Adm. Mark Ferguson, vice chief of naval operations, headlined the opening of the Office of Naval Research Naval Science and Technology Partnership Conference and ASNE Expo Oct. 22, 2012, and highlighted the importance of innovative science and technology programs being developed by the Navy.
He also offered a revealing look at the potential future for the Navy if sequestration, or automatic defense cuts, goes into effect in January.
Speaking to a capacity crowd as keynote speaker, Ferguson said the Navy is already working hard to do more across the globe-with less resources.
“The implications of trying to absorb a 9.4 percent cut on top of the significant reductions we’ve already done in fiscal year 2013 budgets, will have a very significant impact on the workforce, on the research and development accounts-on everything,” said Ferguson.
Ferguson’s wide-ranging talk addressed an array of topics relating to ONR’s pioneering work in science and technology research.
The vice chief applauded ONR-led efforts to improve war fighter capabilities in programs such as the Electromagnetic Railgun, ballistic missile defense, cyber defense and more.
These kinds of technologies, he said, are “game-changers.” And in spite of current fiscal austerity, he stressed that the Department of Navy’s leadership recognizes the importance of science and technology research for the future of the service.
“We’re going to be smaller as we go forward,” he said, regardless of whatever decisions are made on sequestration. “We’re going to be leaner. But in the same breath we have to be technologically advanced.
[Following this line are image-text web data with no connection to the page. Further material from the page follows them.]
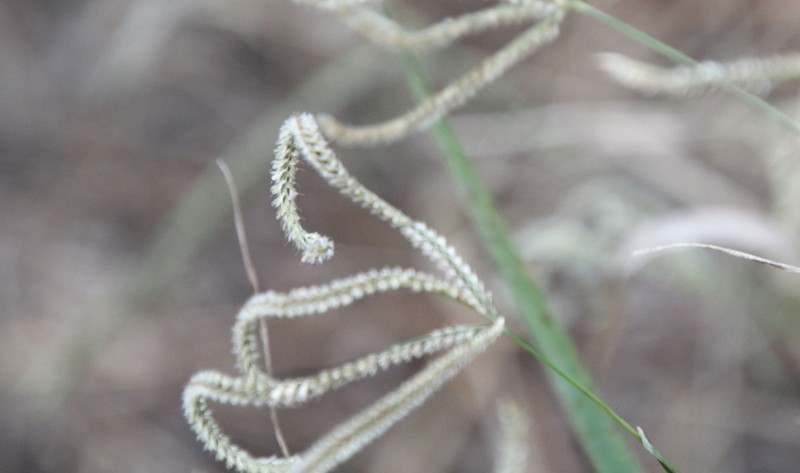 Fringed Windmill Grass photo 2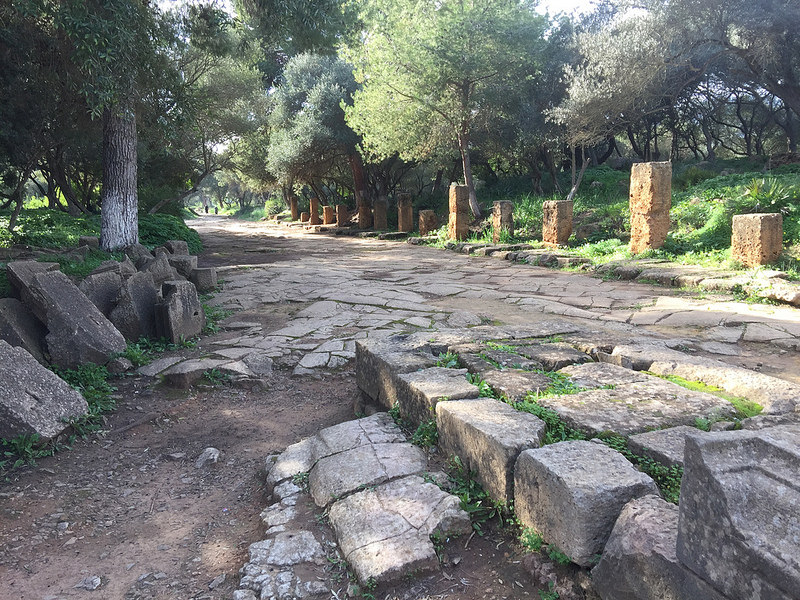 ティパサの考古遺跡の画像21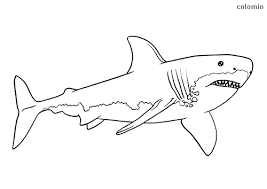 Can you give it some color? Sharks Coloring Pages Free Printable Shark Coloring Sheets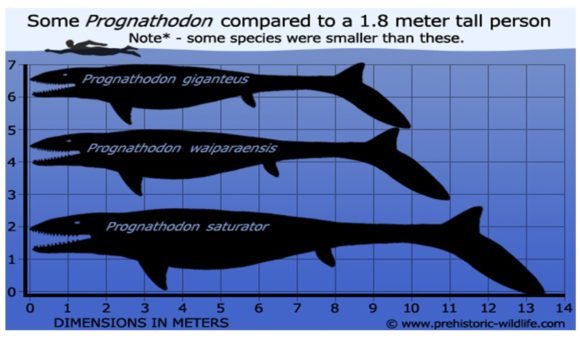 Prognathodon Giganteus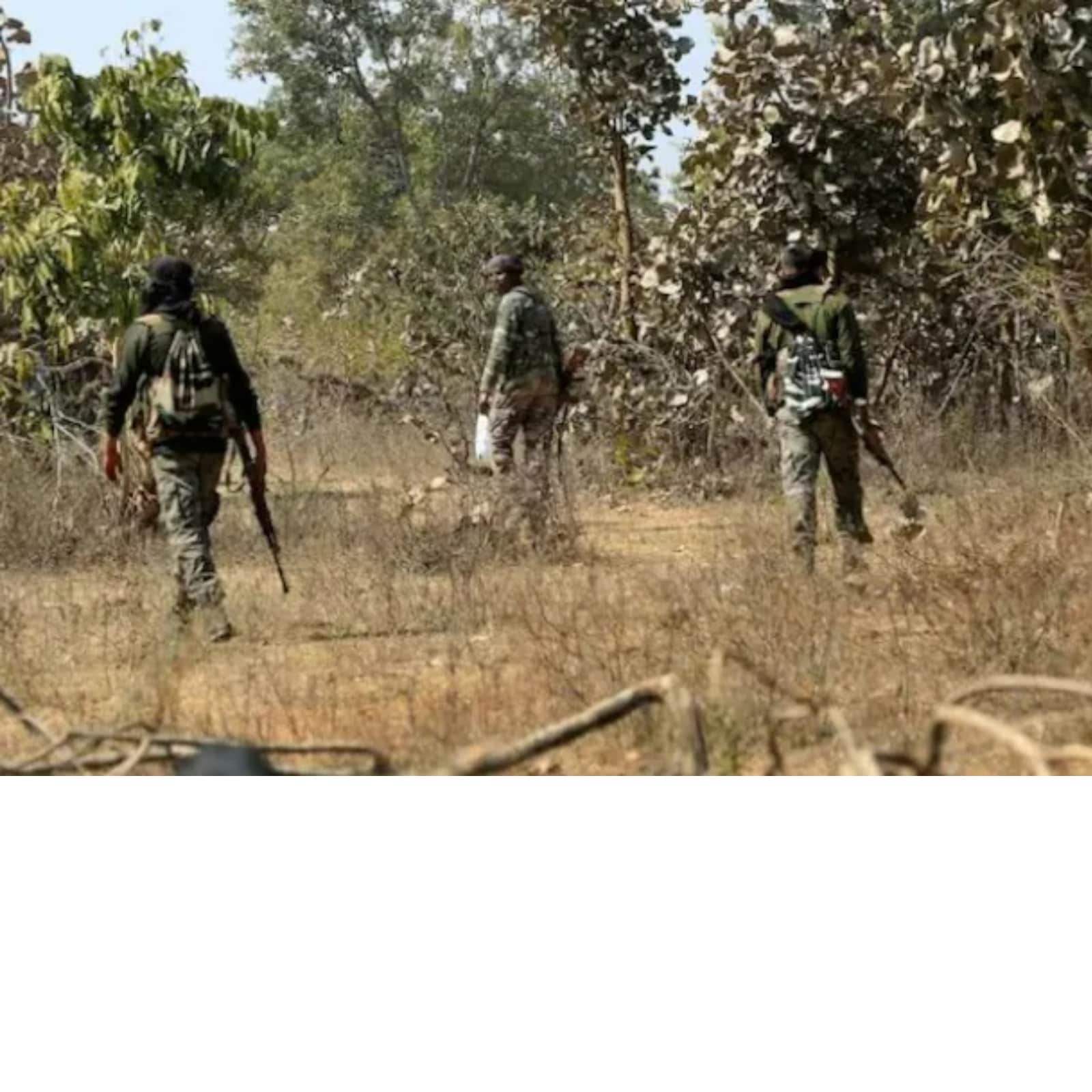 maharashtra encounter, gadchiroli encounter, telanagana news, ts news updates, adellu bhaskar wife killed, మహారాష్ట్రలో ఎన్‌కౌంటర్, అడెల్లు భార్య మృతి, తెలంగాణ న్యూస్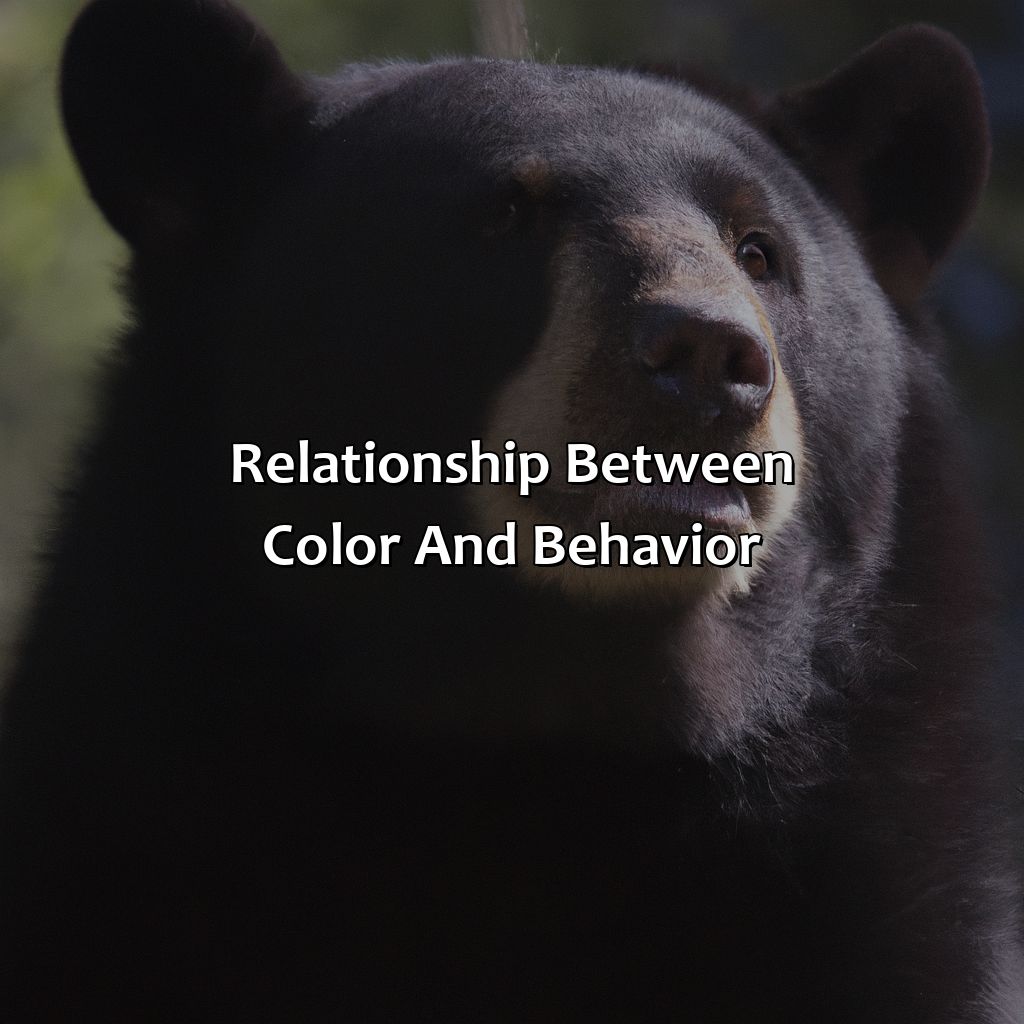 Relationship Between Color And Behavior  - What Color Is A Black Bear, 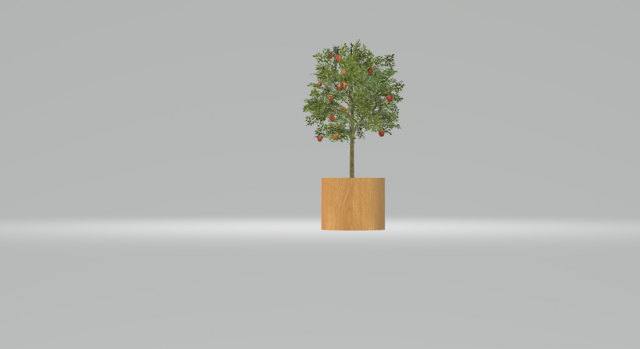 apple tree 3Dモデル .c4d .max .obj .3ds .fbx .stl .blend 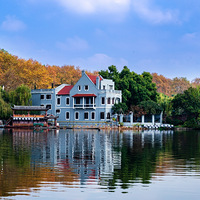 ������ζ����+���Ӻ��ϵĽ�����ɫ��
We have to make sure that we put the best technology we have into the hands of our war fighters.
“That’s our promise to future generations.”
Without some sort of adjustment by Congress, currently the subject of discussion on Capitol Hill, the nearly 10 percent across-the-board Department of Defense budget cuts are slated to commence in 2013 and continue for 10 years.
The admiral stated he is personally hopeful lawmakers will moderate the cuts before they kick in, but noted that if no adjustments are made, the long-term as well as immediate effect on the Navy will be heavy.
“If you project out 10 years-remember the budget control act talks about 10 years of reductions- now you start talking about a fleet reduced to about 230-235 ships,” he said. “Now you start talking about reduction of manpower commensurate with that. Now you start talking about the reduction of money going to warfare centers, to R&D efforts.”
Ferguson’s talk also emphasized the Navy’s commitment to promoting programs aimed at getting young people involved in science, technology, engineering and mathematics careers.
He said he will chair a committee to bring together industry, academic and service leaders to coordinate STEM support.
The science and technology conference is a biennial event bringing together top military, scientific, industry and academic experts in matters related to science, technology and defense. More than 1,500 attendees registered for the event.